Além de ser a primeira jornalista negra a ter destaque na televisão brasileira, ela foi pioneira também ao se tornar a primeira pessoa no país a usar a Lei Afonso Arinos para denunciar e se proteger contra o racismo. O fato ocorreu nos anos 1970, quando ela foi impedida por um gerente de entrar pela porta da frente de um hotel no Rio de Janeiro para fazer uma entrevista.
“Racismo é uma coisa que eu conheço, que eu vivi, desde sempre. E a gente vai aprendendo a se defender da maneira que pode. Eu tenho orgulho de ter sido a primeira pessoa no Brasil a usar a Lei Afonso Arinos, que punia o racismo, não como crime, mas como contravenção. Eu fui barrada em um hotel por um gerente que disse que negro não podia entrar, chamei a polícia, e levei esse gerente do hotel aos tribunais. Ele foi expulso do Brasil, mas ele se livrou da acusação pagando uma multa ridícula. Porque o racismo, para muita gente, não vale nada, né? Só para quem sofre”, relatou ao longo de um programa da Globo sobre racimo, em 2020.
Num entrevista para uma transmissão ao vivo no YouTube, Glória avançou sobre o tema e deu o que falar após uma declaração polêmica “Hoje tudo é racismo, tudo é preconceito”, avaliou. Ela usou a experiência pessoal que tem com os colegas de equipe na televisão para exemplificar atos que considera inofensivos. “Eu até hoje na TV tenho meus câmeras antigos, os técnicos que estão comigo há quarenta anos, todos me chamam de neguinha. Eu nunca me ofendi, eu nunca me senti discriminada. Eles me chamam de uma maneira amorosa, carinhosa. É claro que se eles falam ‘ô nega, não sei o quê’ é outra coisa. Então, hoje. Tudo é preconceito”, pontuou.
Ainda assim, disse que era muito difícil explicar para suas filhas o que é o racismo em contextos como o das manifestações nos Estados Unidos e em outros países após a moste de George Floyd, em 2020. “Eu não sou muito otimista, mas eu acredito que um dia todo mundo vai ser visto como igual. Ninguém vai ser discriminado por causa da cor da pele. Tomara que minhas filhas não precisem viver o que a gente, negro, vive hoje”, declarou.
POLÊMICAS
Racismo, feminismo e outros temas tensos sempre atravessaram a trajetória de Glória, conhecida também por sua franqueza. Ela chegou a afirmar que achava os novos padrões morais “basicamente um saco”, criticando também as pessoas que denunciam assédios nos ambientes de trabalho.

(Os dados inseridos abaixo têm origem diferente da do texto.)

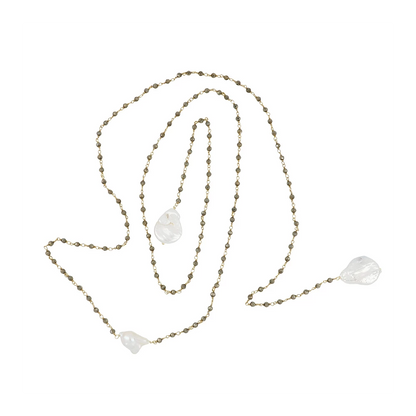 Blossom Gold Necklace - assorted stones
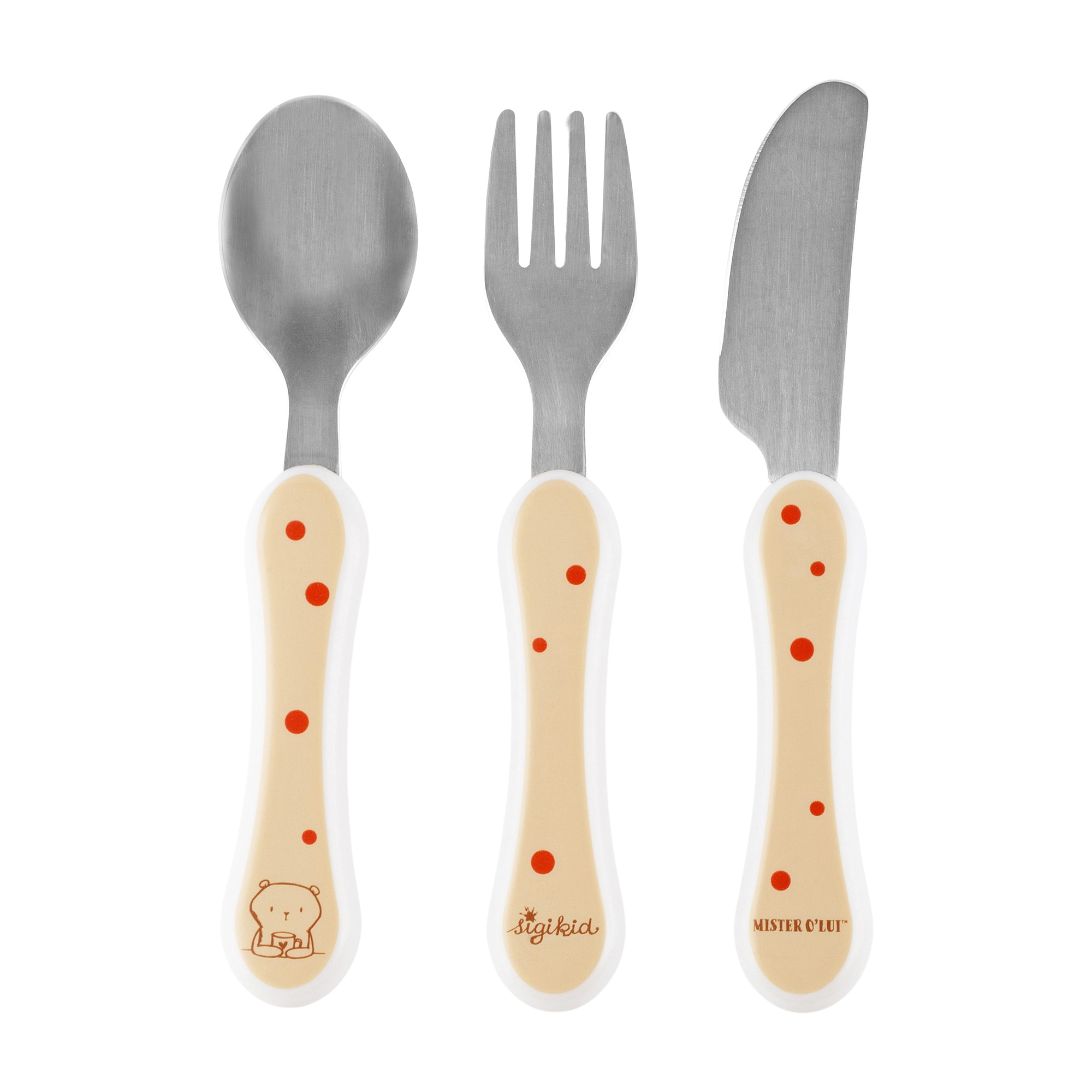 Kinder Geschirr-Set Mister O'Lui Biberbär, rPET Kinder Geschirr-Set Mister O'Lui Biberbär, rPET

“Tudo é assédio e está chato. Eu estou há mais de quarenta anos na televisão, já fui paquerada muitas vezes, mas nunca me senti assediada moralmente. Eu acho que o assédio moral é uma coisa clara, não tem dubiedade. Não tem como você interpretar. O assédio é uma coisa que te fere, é grosseiro, te machuca, te incomoda, te desmoraliza. Agora, a paquera... Pelo amor de Deus”, colocou.
Para ela, era preciso que as pessoas soubessem discernir as coisas. “Nós, mulheres, sabemos fazer bem a diferença de uma paquera para um assédio, para um abuso sexual. Se a gente não tiver a capacidade de ver isso, de observar isso, caramba, por que a gente chegou até aqui? ”, ponderou.
Com espírito livre e namoradeira assumida, Glória afirmou que namorou mais de uma pessoa ao mesmo tempo, que não foi educada para casar e ter filhos e que sempre preferia manter a vida pessoal discreta e longe dos holofotes: “Eu sempre fiz de tudo para me fazer feliz”, resumiu bem ao estilo Glória se ser. E ainda acrescentou que não vinha de um mundo politicamente correto.